To try the scan and store features as individual one-off scans, see Scan samples.

To try the scan and store features in a supply chain, see Section 3: Add testing and security scanning to your application.

Next steps

Section 5: Consuming services on Tanzu Application Platform

In this section you will learn about working with backing services such as RabbitMQ, PostgreSQL and MySQL as part of Tanzu Application Platform.

Particular focus will be given to binding application workloads to service instances, which is the most common use case for services.

Key concepts

When working with services on Tanzu Application Platform you must be familiar with service instances, service bindings and resource claims. This section provides a brief overview of each of these key concepts.

Service instances

A service instance is any Kubernetes resource which exposes its capability through a well-defined interface. For example, you could consider Kubernetes resources that have MySQL as the API Kind to be MySQL service instances. These resources expose their capability over the MySQL protocol. Other examples include resources that have PostgreSQL or RabbitmqCluster as the API Kind.

Service bindings

Service binding refers to a mechanism in which connectivity information such as service instance credentials are automatically communicated to application workloads. Tanzu Application Platform uses a standard named Service Binding for Kubernetes to implement this mechanism. To fully understand the services aspect of Tanzu Application Platform, you must learn about this standard.

Resource claims

Resource claims are inspired in part by Persistent Volume Claims in Kubernetes. Resource Claims provide a mechanism for users to “claim” service instance resources on a cluster, while also decoupling the life cycle of application workloads and service instances.

Services you can use with Tanzu Application Platform

The following list of Kubernetes Operators expose APIs that integrate well with Tanzu Application Platform:

  1. RabbitMQ Cluster Operator for Kubernetes
  2. VMware Tanzu SQL with Postgres for Kubernetes
  3. VMware Tanzu SQL with MySQL for Kubernetes

Whether a service is compatible with Tanzu Application Platform is on a scale between fully compatible and incompatible.

The minimum requirement for compatibility is that there must be a declarative, Kubernetes-based API on which there is at least one API resource type adhering to the Provisioned Service duck type defined by the Service Binding for Kubernetes standard. This duck type includes any resource type with the following schema:

status:
  binding:
    name: # string

The value of .status.binding.name must point to a Secret in the same namespace. The Secret contains required credentials and connectivity information for the resource.

Typically, APIs that include these resource types are installed onto the Tanzu Application Platform cluster as Kubernetes Operators. These Kubernetes Operators provide CRDs and corresponding controllers to reconcile the resources of the CRDs, as is the case with the three Kubernetes Operators listed above.

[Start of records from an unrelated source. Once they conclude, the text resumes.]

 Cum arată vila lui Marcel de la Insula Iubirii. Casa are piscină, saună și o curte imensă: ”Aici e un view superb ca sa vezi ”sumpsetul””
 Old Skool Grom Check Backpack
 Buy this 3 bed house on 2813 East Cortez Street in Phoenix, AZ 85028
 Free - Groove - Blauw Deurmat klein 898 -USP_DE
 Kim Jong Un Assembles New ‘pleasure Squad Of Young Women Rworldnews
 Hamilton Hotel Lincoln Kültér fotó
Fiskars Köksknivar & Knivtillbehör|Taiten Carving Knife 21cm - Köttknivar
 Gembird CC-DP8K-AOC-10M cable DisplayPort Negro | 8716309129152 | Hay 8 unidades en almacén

User roles and responsibilities

It is important to understand the user roles for services on Tanzu Application Platform along with the responsibilities assumed of each. The following table describes each user role.

User role Exists as a default role in Tanzu Application Platform? Responsibilities
Service operator No (might be introduced in a future release)
  • Namespace and cluster topology design
  • Life cycle management (CRUD) of Kubernetes Operators
  • Life cycle management (CRUD) of Service Instances
  • Life cycle management (CRUD) of Resource Claim Policies
Application operator Yes - app-operator Life cycle management (CRUD) of Resource Claims
Application developer Yes - app-editor and app-viewer Binding service instances to application workloads

Walkthrough

This section guides you through deploying two application workloads and learning how to configure them to communicate over RabbitMQ. You will learn about the tanzu services CLI plug-in and the most important APIs for working with services on Tanzu Application Platform. The following diagram depicts a summary of what this section covers.

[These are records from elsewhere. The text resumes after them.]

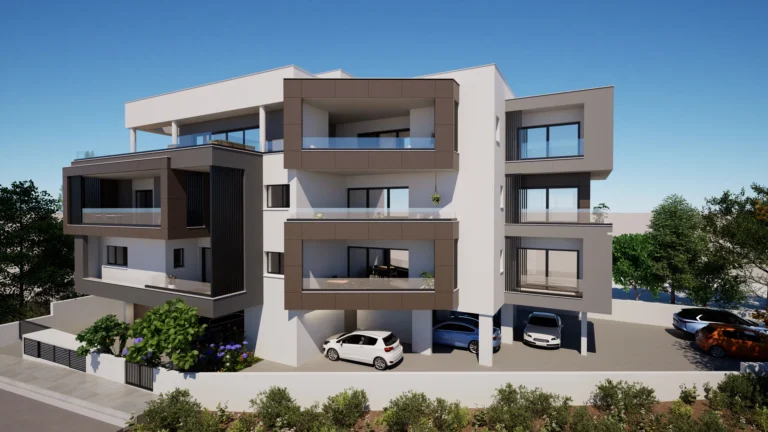 1 Bedroom Apartment for Sale in Limassol – Mesa Geitonia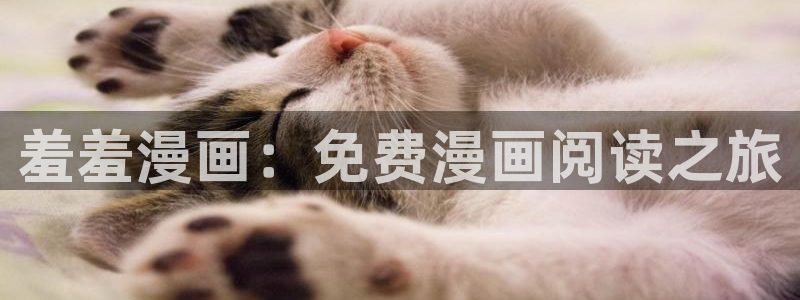 omofunpc：羞羞漫画：免费漫画阅读之旅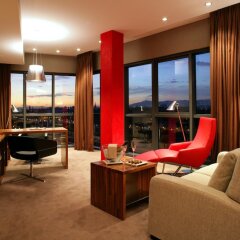 Отель Pullman Barcelona Skipper Испания, Барселона - 2 отзыва об отеле, цены и фото номеров - забронировать отель Pullman Barcelona Skipper онлайн фото 12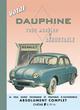 Titre : VOTRE RENAULT DAUPHINE
Auteur :
Prix : 7.50 €
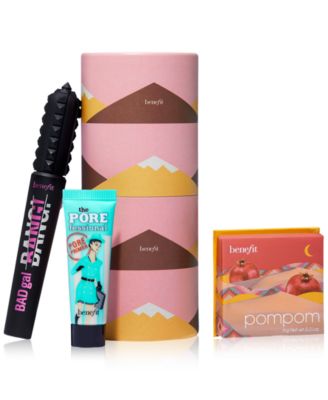Benefit Cosmetics - 3-Pc. BADgal Season Mascara, Blush & Primer Value Set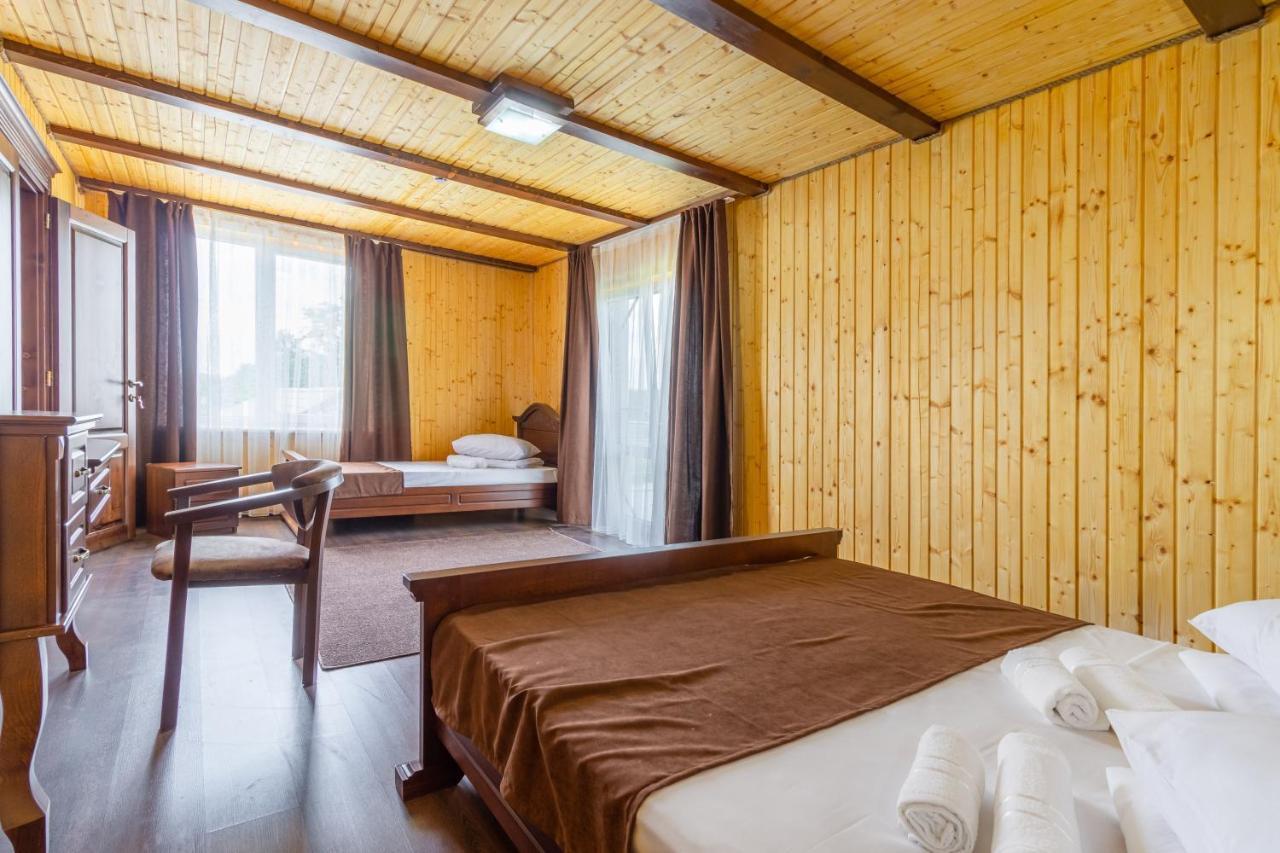 Sofion Hotel&Resort Solotvyno Bagian luar foto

Diagram shows the default namespace and service instances namespace. The default namespace has two application workloads each connected to a service binding. The service bindings connect to the service instance in the service instances namespace through a resource claim.

Bear the following observations in mind as you work through this section.

  1. There is a clear separation of concerns across the various user roles:
    • The life cycle of workloads is determined by application developers.
    • The life cycle of resource claims is determined by application operators.
    • The life cycle of service instances is determined by service operators.
    • The life cycle of service bindings is implicitly tied to lifecycle of workloads.
  2. Resource claims and resource claim policies are the mechanism to enable cross-namespace binding.
  3. ProvisionedService is the contract allowing credentials and connectivity information to flow from the service instance, to the resource claim, to the service binding, and ultimately to the application workload.
  4. Exclusivity of resource claims:
    • Resource claims are considered to be mutually exclusive, meaning that service instances can be claimed by at most one resource claim.

Prerequisites

Before following this walkthrough, you must:

  1. Have access to a cluster with Tanzu Application Platform installed.
  2. Have downloaded and installed the tanzu CLI and the corresponding plug-ins.
  3. Have setup the default namespace to use installed packages and use it as your developer namespace. For more information, see Set up developer namespaces to use installed packages).
  4. Ensure your Tanzu Application Platform cluster can pull source code from GitHub.
  5. Ensure your Tanzu Application Platform cluster can pull the images required by the RabbitMQ Cluster Kubernetes Operator.

Set up a service

This section covers the following:

  • Installing the RabbitMQ Cluster Kubernetes Operator
  • Creating the RBAC rules to grant Tanzu Application Platform permission to interact with the newly-installed APIs provided by the RabbitMQ Cluster Kubernetes Operator.
  • Creating the additional supporting resources to aid with discovery of services

For this part of the walkthrough, you assume the role of the service operator.

Note: Although this walkthrough uses the RabbitMQ Cluster Kubernetes Operator as an example, the set up steps remain mostly the same for any compatible Operator.

To set up a service:

  1. Use kapp to install the RabbitMQ Cluster Kubernetes Operator by running:

    kapp -y deploy --app rmq-operator --file https://github.com/rabbitmq/cluster-operator/releases/download/v1.9.0/cluster-operator.yml
    

    As a result, a new API Group (rabbitmq.com) and Kind (RabbitmqCluster) are now available in the cluster.

  2. Apply RBAC rules to grant Tanzu Application Platform permission to interact with the new API.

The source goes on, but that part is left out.